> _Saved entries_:
◆ ◆ ◆ ◆

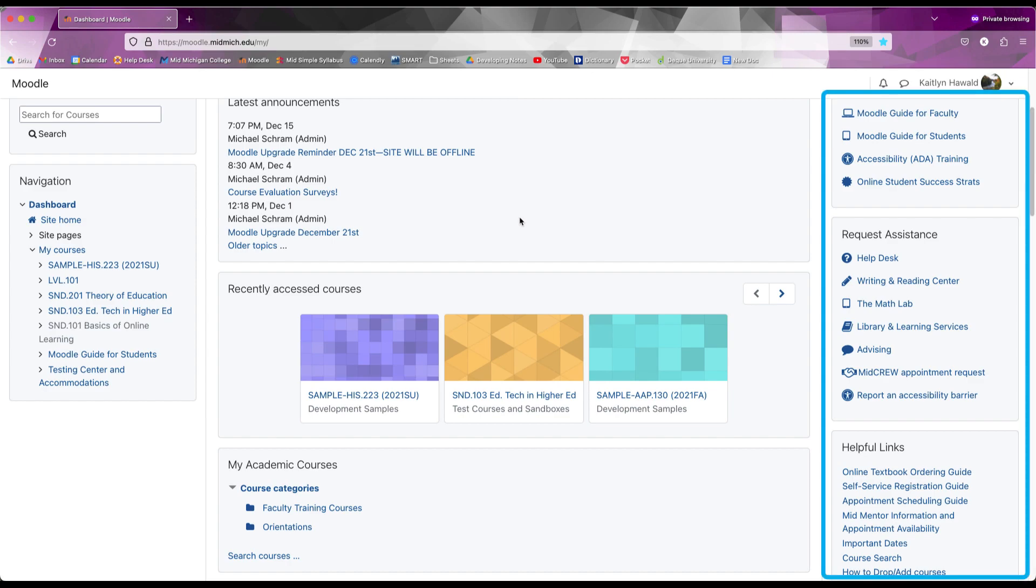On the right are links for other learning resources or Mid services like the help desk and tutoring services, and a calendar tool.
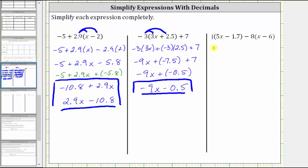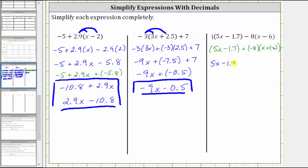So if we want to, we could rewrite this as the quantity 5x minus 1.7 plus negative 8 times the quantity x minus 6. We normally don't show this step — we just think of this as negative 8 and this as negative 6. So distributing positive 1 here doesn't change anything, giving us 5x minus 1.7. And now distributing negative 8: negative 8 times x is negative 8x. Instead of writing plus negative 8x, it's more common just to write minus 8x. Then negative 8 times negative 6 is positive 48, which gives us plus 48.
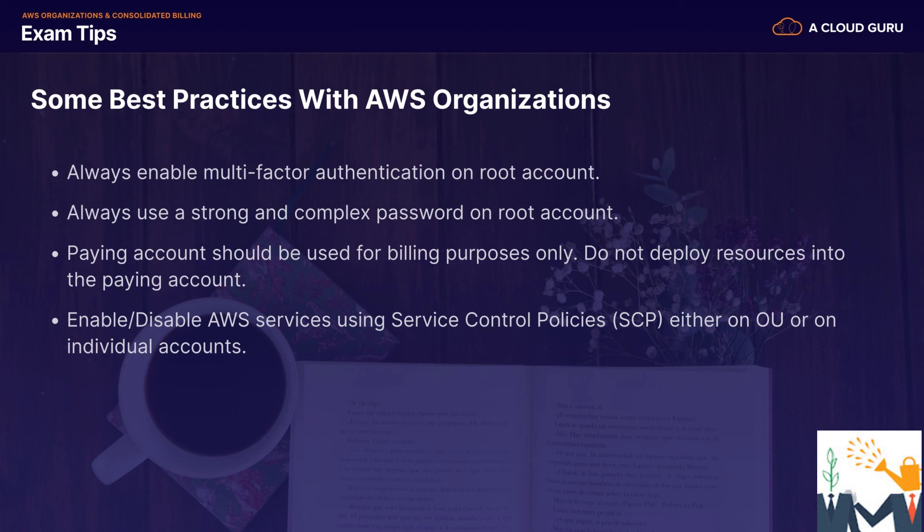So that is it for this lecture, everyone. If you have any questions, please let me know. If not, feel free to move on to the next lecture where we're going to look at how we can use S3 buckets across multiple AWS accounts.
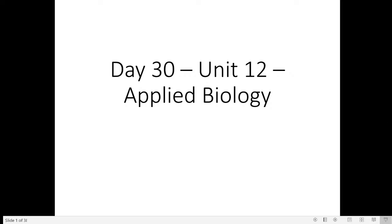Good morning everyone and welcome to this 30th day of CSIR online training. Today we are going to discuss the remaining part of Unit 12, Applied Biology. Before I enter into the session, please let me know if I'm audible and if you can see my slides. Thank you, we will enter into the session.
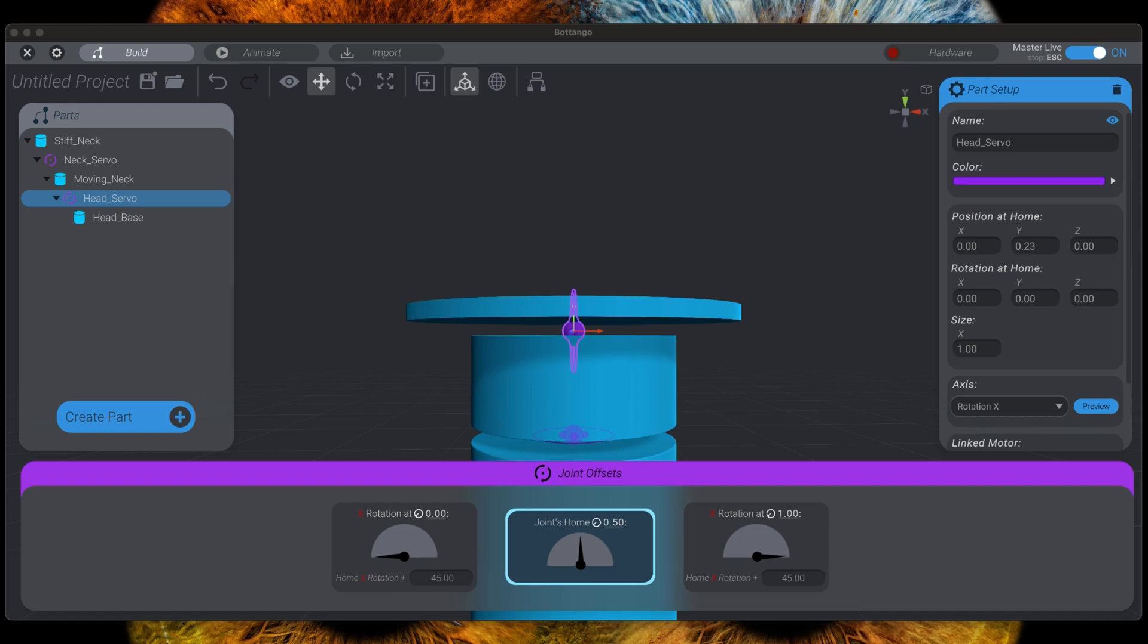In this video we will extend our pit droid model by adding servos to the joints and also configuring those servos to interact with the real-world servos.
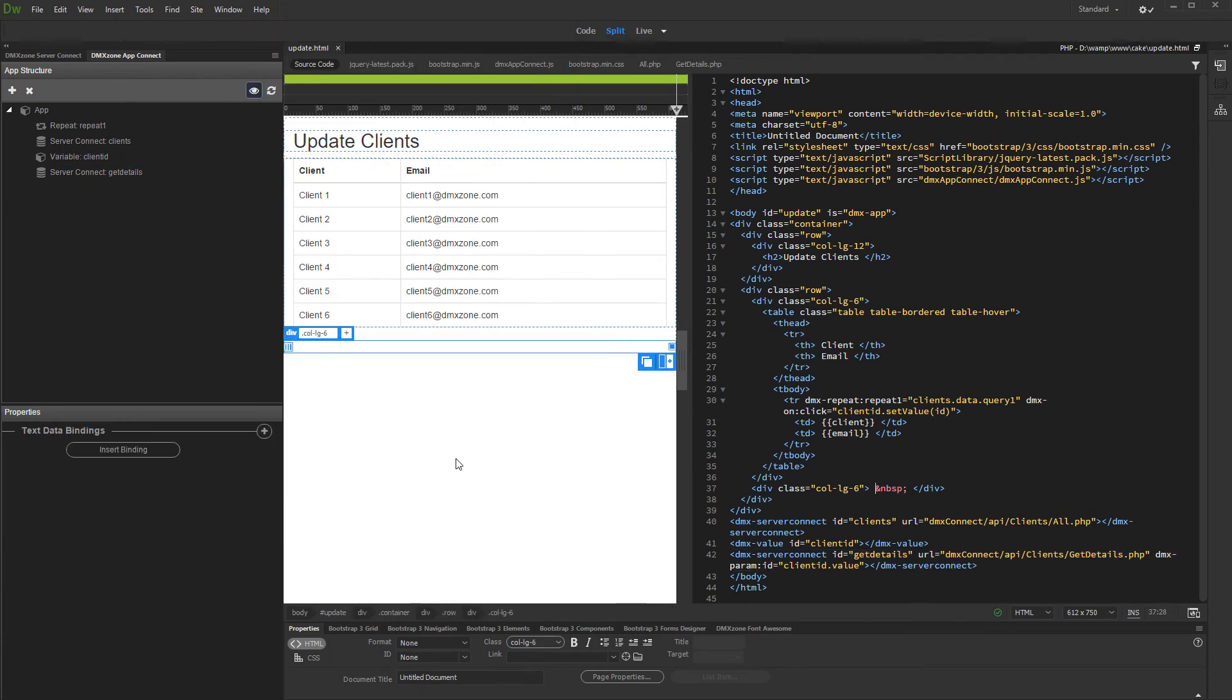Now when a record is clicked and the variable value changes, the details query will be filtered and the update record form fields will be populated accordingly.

◆ ◆ ◆ ◆

Give back, word for word, the lines from the line that contains "Good morning everyone" through the last line of the records, with no pictures and nothing else.

> _Reply_:
Good morning everyone and welcome to this 30th day of CSIR online training. Today we are going to discuss the remaining part of Unit 12, Applied Biology. Before I enter into the session, please let me know if I'm audible and if you can see my slides. Thank you, we will enter into the session.
In this video we will extend our pit droid model by adding servos to the joints and also configuring those servos to interact with the real-world servos.
Now when a record is clicked and the variable value changes, the details query will be filtered and the update record form fields will be populated accordingly.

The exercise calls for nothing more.